MongoDB's aggregation pipeline does not support boosting in the vector search stage, but you can project a boosted score in a subsequent $addFields stage:

[
{ "$search": { "index": "vector_index", "knnBeta": { "vector": "[user_prompt_embedding]", "path": "embedding", "k": 10 } } },
{ "$addFields": {
"boosted_score": {
"$cond": [
{ "$eq": [ "$rating", "PG" ] },
{ "$multiply": [ "$score", 1.10 ] },
"$score"
]
}
}
},
{ "$sort": { "boosted_score": -1 } },
{ "$limit": 10 }
]

$score represents the similarity score value from the vector search. See the separate detailed writeup on boosting MongoDB scores.

Vector Databases

Most native vector databases (like Milvus, Pinecone, Qdrant, Weaviate, LanceDB, Kinetica, ChromaDB) do not support conditional boosting in the query. You must apply boosting in logic after retrieving results.

AWS Databases

Athena

Athena is a query engine for S3 data and supports SQL, including querying vector data if stored in Parquet/CSV/JSON. But, there are no native vector search functions as of July 2025. If you implement vector search using UDFs or external libraries, you can use SQL logic for boosting.

DocumentDB

DocumentDB (MongoDB-compatible) has vector search capabilities. Like MongoDB itself, boosting is not natively supported within the vector search query. You can use an aggregation pipeline to post-process results and apply boosting.

[
{ "$vectorSearch": { "queryVector": [user_prompt_embedding], "path": "embedding", "k": 10 } },
{ "$addFields": {
"boosted_score": {
"$cond": [
{ "$eq": [ "$rating", "PG" ] },
{ "$multiply": [ "$score", 1.10 ] },
"$score"
]
}
}
},
{ "$sort": { "boosted_score": -1 } },
{ "$limit": 10 }
]

DynamoDB

Native vector search is not part of DynamoDB itself. DynamoDB is mainly a key-value and document store; for advanced search (including boosting), you must use OpenSearch as the search backend which is enabled through zero-ETL integration.

Keyspaces

AWS Keyspaces is built for Cassandra workloads and supports CQL, but vector search (such as ANN or KNN queries) is not available in Keyspaces itself. Since vector search is not available, there is no mechanism for boosting (e.g., giving "PG13" movies a 10% score bump) in queries.

Neptune

Neptune supports native vector search, allowing you to associate embeddings with graph nodes and perform similarity queries directly from the graph database. However, conditional boosting (e.g., multiplying scores for "PG" nodes) is not natively supported in the Cypher query language as of July 2025.

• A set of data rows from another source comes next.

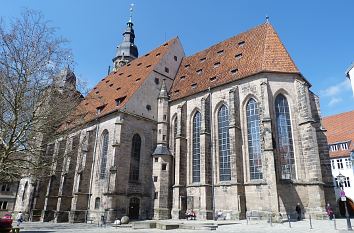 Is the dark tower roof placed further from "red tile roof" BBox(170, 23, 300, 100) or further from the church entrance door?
the church entrance door

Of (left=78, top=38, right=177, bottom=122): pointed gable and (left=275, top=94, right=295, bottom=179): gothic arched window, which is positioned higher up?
(left=78, top=38, right=177, bottom=122): pointed gable

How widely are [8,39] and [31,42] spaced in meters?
0.90

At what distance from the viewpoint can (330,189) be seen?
1916 centimetres

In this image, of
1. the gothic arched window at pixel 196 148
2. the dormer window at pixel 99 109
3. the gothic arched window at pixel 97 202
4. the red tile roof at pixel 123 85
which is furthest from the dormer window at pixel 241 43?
the gothic arched window at pixel 97 202

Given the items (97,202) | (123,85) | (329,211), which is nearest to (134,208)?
(97,202)

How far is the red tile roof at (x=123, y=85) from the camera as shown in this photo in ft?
86.8

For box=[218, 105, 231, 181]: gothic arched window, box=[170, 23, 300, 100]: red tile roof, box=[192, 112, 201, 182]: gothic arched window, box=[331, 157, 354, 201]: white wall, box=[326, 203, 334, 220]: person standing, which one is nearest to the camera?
box=[326, 203, 334, 220]: person standing

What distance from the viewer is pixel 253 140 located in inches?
810

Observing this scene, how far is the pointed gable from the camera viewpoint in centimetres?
2622

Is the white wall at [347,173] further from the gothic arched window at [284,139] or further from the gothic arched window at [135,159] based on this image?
the gothic arched window at [135,159]

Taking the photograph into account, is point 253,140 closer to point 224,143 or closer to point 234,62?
point 224,143

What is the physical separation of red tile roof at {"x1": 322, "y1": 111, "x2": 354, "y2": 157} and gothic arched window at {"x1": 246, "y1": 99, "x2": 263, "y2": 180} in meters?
17.6

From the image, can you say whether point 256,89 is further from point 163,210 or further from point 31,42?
point 31,42

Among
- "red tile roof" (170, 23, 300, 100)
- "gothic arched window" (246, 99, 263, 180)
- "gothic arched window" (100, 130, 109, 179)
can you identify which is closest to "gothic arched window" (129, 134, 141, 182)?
"gothic arched window" (100, 130, 109, 179) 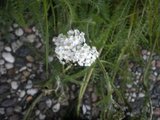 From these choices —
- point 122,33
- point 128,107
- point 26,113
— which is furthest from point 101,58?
point 26,113

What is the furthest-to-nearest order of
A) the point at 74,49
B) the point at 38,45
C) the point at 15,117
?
the point at 38,45 → the point at 15,117 → the point at 74,49

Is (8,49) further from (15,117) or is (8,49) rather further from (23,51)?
(15,117)

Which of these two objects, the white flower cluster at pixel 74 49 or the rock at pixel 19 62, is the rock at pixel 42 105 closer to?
the rock at pixel 19 62

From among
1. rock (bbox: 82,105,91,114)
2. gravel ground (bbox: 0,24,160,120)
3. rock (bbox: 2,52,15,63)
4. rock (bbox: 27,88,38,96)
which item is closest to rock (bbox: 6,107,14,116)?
gravel ground (bbox: 0,24,160,120)

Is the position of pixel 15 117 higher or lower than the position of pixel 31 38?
lower

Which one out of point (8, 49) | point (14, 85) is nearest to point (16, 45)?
point (8, 49) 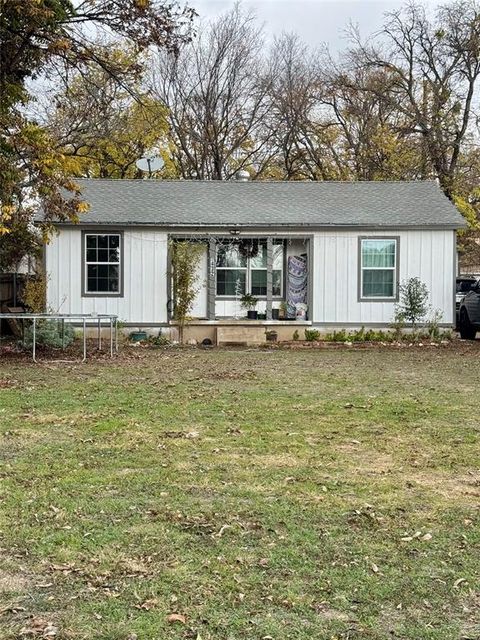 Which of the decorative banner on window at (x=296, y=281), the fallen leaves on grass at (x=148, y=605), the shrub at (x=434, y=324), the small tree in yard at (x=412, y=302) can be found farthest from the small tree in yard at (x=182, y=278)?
the fallen leaves on grass at (x=148, y=605)

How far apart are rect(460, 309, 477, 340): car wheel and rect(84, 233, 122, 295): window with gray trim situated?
8676 millimetres

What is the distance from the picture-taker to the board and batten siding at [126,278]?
16594 mm

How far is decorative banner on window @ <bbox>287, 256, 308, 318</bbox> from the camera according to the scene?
17.9m

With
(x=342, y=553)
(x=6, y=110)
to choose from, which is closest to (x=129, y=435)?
(x=342, y=553)

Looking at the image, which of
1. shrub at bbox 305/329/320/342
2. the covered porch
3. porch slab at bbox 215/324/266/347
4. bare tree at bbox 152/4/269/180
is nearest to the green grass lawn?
porch slab at bbox 215/324/266/347

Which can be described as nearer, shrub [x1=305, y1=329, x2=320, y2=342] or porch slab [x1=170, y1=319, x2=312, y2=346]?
porch slab [x1=170, y1=319, x2=312, y2=346]


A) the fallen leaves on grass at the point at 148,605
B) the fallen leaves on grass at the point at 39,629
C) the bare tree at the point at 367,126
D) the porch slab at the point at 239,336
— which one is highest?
the bare tree at the point at 367,126

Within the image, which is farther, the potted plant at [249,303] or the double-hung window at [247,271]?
the double-hung window at [247,271]

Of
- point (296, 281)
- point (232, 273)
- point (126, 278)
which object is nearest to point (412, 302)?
point (296, 281)

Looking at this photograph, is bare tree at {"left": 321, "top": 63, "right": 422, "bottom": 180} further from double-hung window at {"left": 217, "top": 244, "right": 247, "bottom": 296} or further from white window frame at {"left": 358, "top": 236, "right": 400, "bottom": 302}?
double-hung window at {"left": 217, "top": 244, "right": 247, "bottom": 296}

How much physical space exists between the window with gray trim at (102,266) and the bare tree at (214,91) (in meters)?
13.7

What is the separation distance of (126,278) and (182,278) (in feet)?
4.81

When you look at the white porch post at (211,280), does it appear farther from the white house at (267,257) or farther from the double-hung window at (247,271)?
the double-hung window at (247,271)

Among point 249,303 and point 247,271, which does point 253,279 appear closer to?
point 247,271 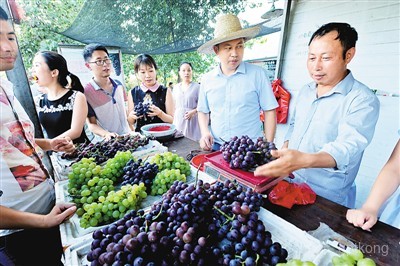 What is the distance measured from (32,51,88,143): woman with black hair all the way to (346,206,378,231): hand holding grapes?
2610 mm

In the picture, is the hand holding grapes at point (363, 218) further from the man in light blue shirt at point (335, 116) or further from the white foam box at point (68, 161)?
the white foam box at point (68, 161)

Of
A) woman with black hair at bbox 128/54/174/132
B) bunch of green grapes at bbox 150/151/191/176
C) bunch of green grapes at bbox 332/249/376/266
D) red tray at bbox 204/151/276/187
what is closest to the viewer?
bunch of green grapes at bbox 332/249/376/266

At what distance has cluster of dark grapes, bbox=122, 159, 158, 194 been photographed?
1.51 meters

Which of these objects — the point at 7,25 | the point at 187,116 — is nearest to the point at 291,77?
the point at 187,116

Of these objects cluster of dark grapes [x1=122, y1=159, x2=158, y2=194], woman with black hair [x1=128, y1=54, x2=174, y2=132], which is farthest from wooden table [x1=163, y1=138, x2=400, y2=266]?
woman with black hair [x1=128, y1=54, x2=174, y2=132]

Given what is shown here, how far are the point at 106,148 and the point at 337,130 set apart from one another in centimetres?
211

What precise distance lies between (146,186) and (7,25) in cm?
129

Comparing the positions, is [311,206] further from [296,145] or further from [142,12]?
[142,12]

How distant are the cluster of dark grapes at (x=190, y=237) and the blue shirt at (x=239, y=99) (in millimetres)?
1566

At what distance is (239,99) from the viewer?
2.55m

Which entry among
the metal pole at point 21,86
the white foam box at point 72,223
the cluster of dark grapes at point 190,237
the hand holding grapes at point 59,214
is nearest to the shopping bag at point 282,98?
the white foam box at point 72,223

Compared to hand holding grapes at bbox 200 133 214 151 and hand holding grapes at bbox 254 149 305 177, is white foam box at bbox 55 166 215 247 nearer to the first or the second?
hand holding grapes at bbox 254 149 305 177

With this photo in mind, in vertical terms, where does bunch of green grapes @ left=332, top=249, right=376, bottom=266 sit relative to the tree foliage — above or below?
below

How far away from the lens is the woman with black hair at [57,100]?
2.35 meters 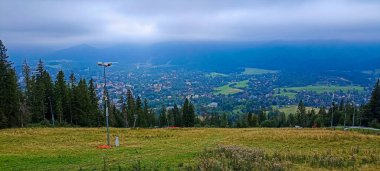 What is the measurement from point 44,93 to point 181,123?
36175 mm

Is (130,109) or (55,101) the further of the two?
(130,109)

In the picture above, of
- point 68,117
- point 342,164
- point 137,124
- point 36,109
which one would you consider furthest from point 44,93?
point 342,164

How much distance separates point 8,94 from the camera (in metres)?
52.2

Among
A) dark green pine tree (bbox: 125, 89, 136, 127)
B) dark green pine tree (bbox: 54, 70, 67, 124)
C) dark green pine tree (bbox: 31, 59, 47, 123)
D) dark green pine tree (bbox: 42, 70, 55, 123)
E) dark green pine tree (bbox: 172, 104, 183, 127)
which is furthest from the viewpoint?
dark green pine tree (bbox: 172, 104, 183, 127)

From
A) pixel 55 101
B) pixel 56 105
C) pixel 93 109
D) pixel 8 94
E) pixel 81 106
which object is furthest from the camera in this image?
pixel 93 109

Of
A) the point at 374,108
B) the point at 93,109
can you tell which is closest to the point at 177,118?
the point at 93,109

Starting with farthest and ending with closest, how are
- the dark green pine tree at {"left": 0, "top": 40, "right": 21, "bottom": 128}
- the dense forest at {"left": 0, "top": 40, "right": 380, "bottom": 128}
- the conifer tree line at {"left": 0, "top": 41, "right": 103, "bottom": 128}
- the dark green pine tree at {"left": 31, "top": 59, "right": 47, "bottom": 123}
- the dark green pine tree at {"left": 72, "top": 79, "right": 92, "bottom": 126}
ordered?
1. the dark green pine tree at {"left": 72, "top": 79, "right": 92, "bottom": 126}
2. the conifer tree line at {"left": 0, "top": 41, "right": 103, "bottom": 128}
3. the dark green pine tree at {"left": 31, "top": 59, "right": 47, "bottom": 123}
4. the dense forest at {"left": 0, "top": 40, "right": 380, "bottom": 128}
5. the dark green pine tree at {"left": 0, "top": 40, "right": 21, "bottom": 128}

OpenSearch (for DynamoDB, Aurora, RDS, etc.)

OpenSearch supports vector search and boosting via script_score and function_score. You can implement conditional boosting directly in the query:

{
"query": {
"script_score": {
"query": { "match_all": {} },
"script": {
"source": """
double sim = cosineSimilarity(params.query_vector, 'embedding');
if (doc['rating'].value == 'PG') {
sim *= 1.10;
}
return sim;
""",
"params": {
"query_vector": [user_prompt_embedding]
}
}
}
}
}

Azure Databases

Overview

The primary Azure databases supported with vector search and analytics features are:

DatabaseVector Search SupportBoosting in Query?
Cosmos DB (NoSQL)Yes (native, incl. MongoDB API and NoSQL API)Partial (aggregation pipeline)
Cosmos DB for MongoDBYes (MongoDB vCore and API)Partial (aggregation pipeline)
SQL DatabaseYes (vector search in preview/GA)Yes (CASE in SQL)
Database for PostgreSQLYes (via pgvector extension)Yes (CASE in SQL)
Database for MySQLYes (recent versions)Yes (CASE in SQL)
Managed Instance for Apache CassandraYes (vector search in preview)No
SQL Managed InstanceYes (vector search in preview/GA)Yes (CASE in SQL)

Cosmos DB (MongoDB API)

Boosting (e.g., 10% for "PG" rating) must be done in the aggregation pipeline after the vector search stage. Like MongoDB, Cosmos DB does not support conditional boosting within the vector search query itself. For example

[
{ "$vectorSearch": { "queryVector": [user_prompt_embedding], "path": "embedding", "k": 10 } },
{ "$addFields": {
"boosted_score": {
"$cond": [
{ "$eq": [ "$rating", "PG" ] },
{ "$multiply": [ "$score", 1.10 ] },
"$score"
]
}
}
},
{ "$sort": { "boosted_score": -1 } },
{ "$limit": 10 }
].

Azure SQL Database / Managed Instance

Boosting is supported natively in SQL using a CASE statement. Use the 1.10 multiplier for similarity scores (higher is better) and the 0.90 for distance scores (lower is better). For example:

SELECT  id,  title,  rating,
VECTOR_COSINE_DISTANCE(embedding, '[user_prompt_embedding]') AS similarity,
CASE
WHEN rating = 'PG' THEN VECTOR_COSINE_DISTANCE(embedding, '[user_prompt_embedding]') * 0.90
ELSE VECTOR_COSINE_DISTANCE(embedding, '[user_prompt_embedding]')
END AS boosted_similarity
FROM movies
ORDER BY boosted_similarity ASC
LIMIT 10;

Microsoft SQL Server (2024+)

This database uses standard SQL CASE operations in the SELECT clause.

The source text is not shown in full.